I millennials hanno un problema senza sapere di averlo. E no, non è né la mancanza di ambizione né tanto meno la svogliatezza nell’affrontare i compiti più semplici prendendosi delle responsabilità.

Contrariamente a quello che fino a ora è sempre stato detto, il problema vero e proprio della generazione nata dalla fine degli anni ’80 a poco prima del 2000 non pare essere una questione di talento o voglia di fare, ma piuttosto il rapporto con la comicità e le battaglie sociali. Sì, perché se oggi googlate la parola “millennials”, i primi articoli a comparirvi nella ricerca riguardano proprio il fatto che questa generazione, che tra qualche anno dovrebbe prendere il controllo e che già domina sui social, si prenda più sul serio.

Clint Eastwood ha riassunto bene il problema dicendo: “In passato facevamo continuamente battute sulle razze diverse. Oggi puoi solo dirle coprendoti la bocca con la mano sennò sarai insultato come razzista. Lo trovo ridicolo.
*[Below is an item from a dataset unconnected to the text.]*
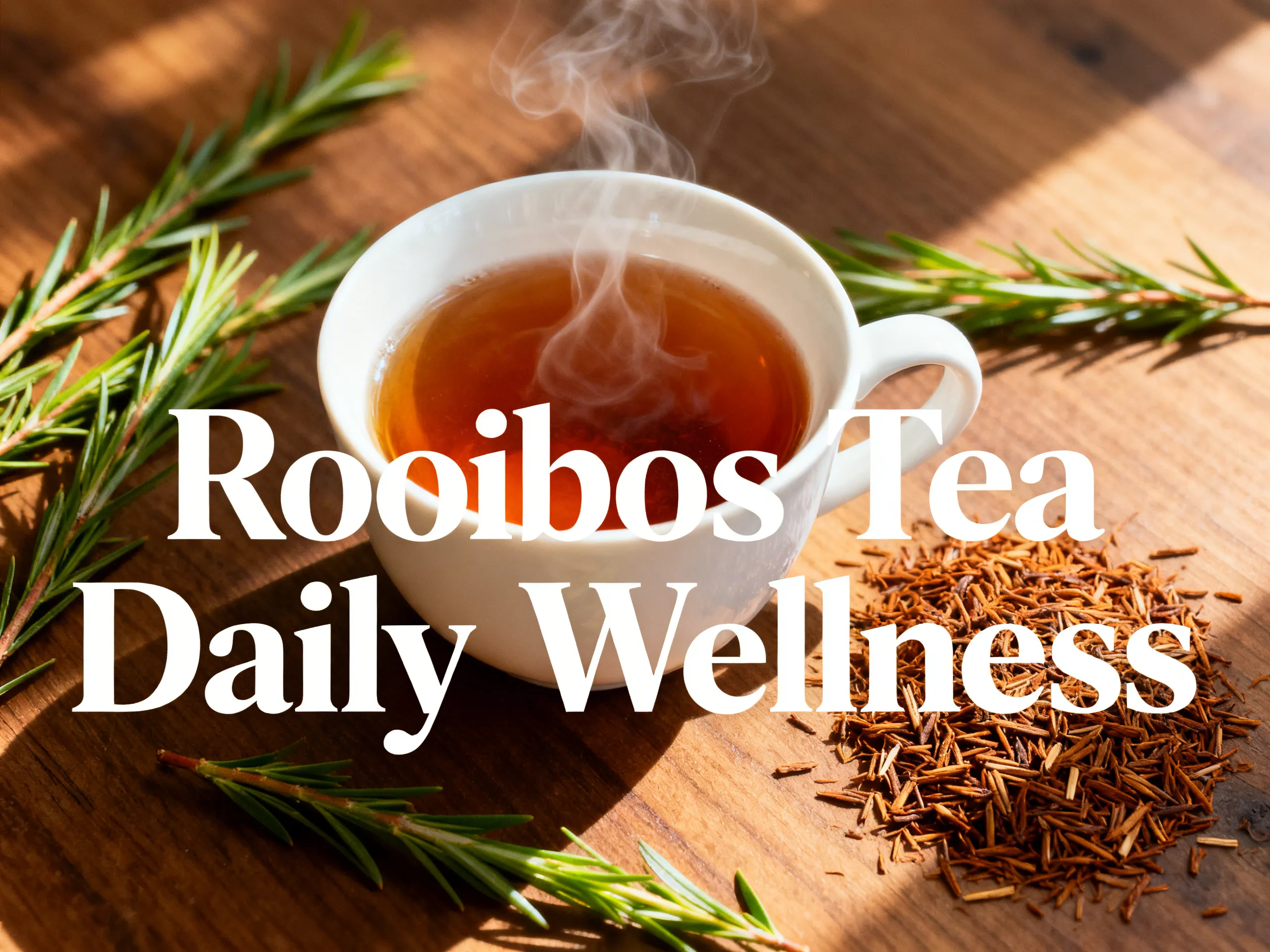 Steaming rooibos tea cup fresh leaves wooden table wellness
Ai miei tempi ogni gruppo aveva un ‘Sam the Jew’ o ‘José the Mexican’, ma non avevamo mica pensieri razzisti.”

Lo stesso Clint Eastwood ha più volte definito la generazione millennials “la pussy generation”, ovvero una categoria di smidollati, senza il coraggio di fare una battuta sulla minoranza discriminata del momento.

Non bisogna certo arrivare negli Stati Uniti per trovare dei paladini dell’umorismo libero: in Italia abbiamo avuto Silvio Berlusconi, criticato aspramente da questa generazione di infantili moralisti, quando definì “abbronzato” l’allora presidente degli Stati Uniti Barack Obama.
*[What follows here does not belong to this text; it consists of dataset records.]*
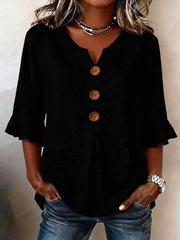 Button Perfect V-Neck Linen Lightweight Blouse | OWNLUXE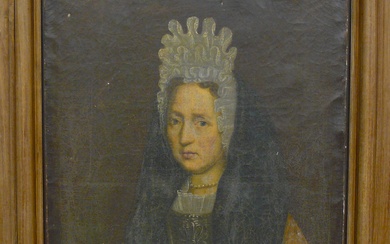 Ecole du début du 18ème siècle : portrait de Mme VITART (1645-1729) âgée de 71...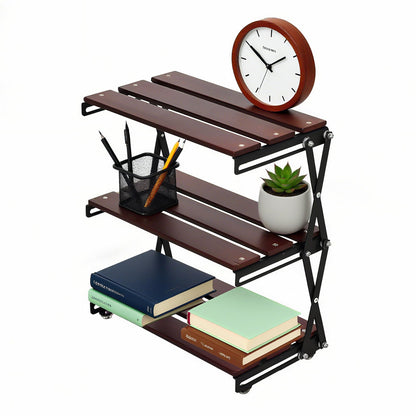 TlaroRiz Desk Shelf Organizer 3 Tiers Wood Compact Desk Organizer Storage Rack Metal Frame Office Desk Shelf Organizers,Walnut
Senza però doversi addentrare in altre figure politiche di dubbio gusto, che al giorno d’oggi siedono e ridacchiano da ben altre posizioni di potere, abbastanza emblematico a questo riguardo è stato per esempio il ritorno su Netflix di Friends. La serie tv con la quale gran parte dei millennials è di fatto cresciuta, sia per coloro che per la prima volta vedevano lo show, sia per chi lo riguardava dopo tanto tempo, nel 2018 risulta problematica. E problematica non per questioni di poco conto, ma per i suoi contenuti sessisti, grassofobi, omofobi e transfobici. La pussy generation non riesce più a ridere di fronte ai continui riferimenti al cibo della grassa Monica o davanti al cliché del dongiovanni italiano Joey, non tanto perché improvvisamente priva del senso dello humor giacché, come ha ben detto una smidollata millennial su Twitter, questa è pur sempre la generazione che ride per ore davanti a stupidi meme disegnati male e condivisi su Facebook. Il problema dei millennials è un altro: non è né la mancanza di ambizione né tanto meno la svogliatezza, ma nemmeno il fatto di prendersi troppo sul serio. Il guaio di questa generazione è che ha capito che il mondo che ora ha tra le mani continua a essere sessista e razzista, perché non ha mai dato importanza alla sensibilità della minoranza per poter garantire all’uomo bianco, etero e cisgender di riderci sopra, alleggerendo per un attimo la sgradevole sensazione di chi è arrivato dove è arrivato calpestando altri.

I millennials questo l’hanno capito bene e, con buona pace del repubblicano Clint Eastwood, non hanno intenzione di riderci più sopra.